— WHAT TO WORK ON —
Search the entries for the line containing "Subtract. 4. Next, there". Repeat it, then every line after it, exactly through the final line.

— DATA PROVIDED —

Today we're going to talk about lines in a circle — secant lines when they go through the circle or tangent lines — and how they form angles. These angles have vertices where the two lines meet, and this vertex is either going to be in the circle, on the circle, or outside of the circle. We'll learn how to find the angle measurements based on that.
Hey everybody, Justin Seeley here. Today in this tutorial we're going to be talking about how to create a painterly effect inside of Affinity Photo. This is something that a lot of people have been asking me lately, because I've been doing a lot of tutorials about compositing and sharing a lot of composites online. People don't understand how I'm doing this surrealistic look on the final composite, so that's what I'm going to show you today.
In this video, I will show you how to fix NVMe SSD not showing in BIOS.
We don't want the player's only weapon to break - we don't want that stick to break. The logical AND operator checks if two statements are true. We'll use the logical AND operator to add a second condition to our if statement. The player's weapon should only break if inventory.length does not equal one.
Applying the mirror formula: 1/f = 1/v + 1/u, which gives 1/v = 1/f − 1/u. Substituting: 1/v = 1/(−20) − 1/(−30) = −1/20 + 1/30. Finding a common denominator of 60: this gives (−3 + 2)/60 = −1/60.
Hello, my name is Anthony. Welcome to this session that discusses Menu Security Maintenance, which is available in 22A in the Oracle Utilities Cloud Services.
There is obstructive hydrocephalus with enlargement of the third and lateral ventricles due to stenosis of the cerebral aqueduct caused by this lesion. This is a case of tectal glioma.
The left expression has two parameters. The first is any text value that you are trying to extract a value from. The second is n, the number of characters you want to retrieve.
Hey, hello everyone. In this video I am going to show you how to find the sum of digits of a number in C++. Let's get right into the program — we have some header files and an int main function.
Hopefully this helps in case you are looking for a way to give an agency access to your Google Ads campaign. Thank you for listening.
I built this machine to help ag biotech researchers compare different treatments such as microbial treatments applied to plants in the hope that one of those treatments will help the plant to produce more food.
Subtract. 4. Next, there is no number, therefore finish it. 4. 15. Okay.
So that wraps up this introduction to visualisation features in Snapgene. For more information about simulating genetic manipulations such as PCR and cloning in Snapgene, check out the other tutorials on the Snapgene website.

— WRITTEN ANSWER —
Subtract. 4. Next, there is no number, therefore finish it. 4. 15. Okay.
So that wraps up this introduction to visualisation features in Snapgene. For more information about simulating genetic manipulations such as PCR and cloning in Snapgene, check out the other tutorials on the Snapgene website.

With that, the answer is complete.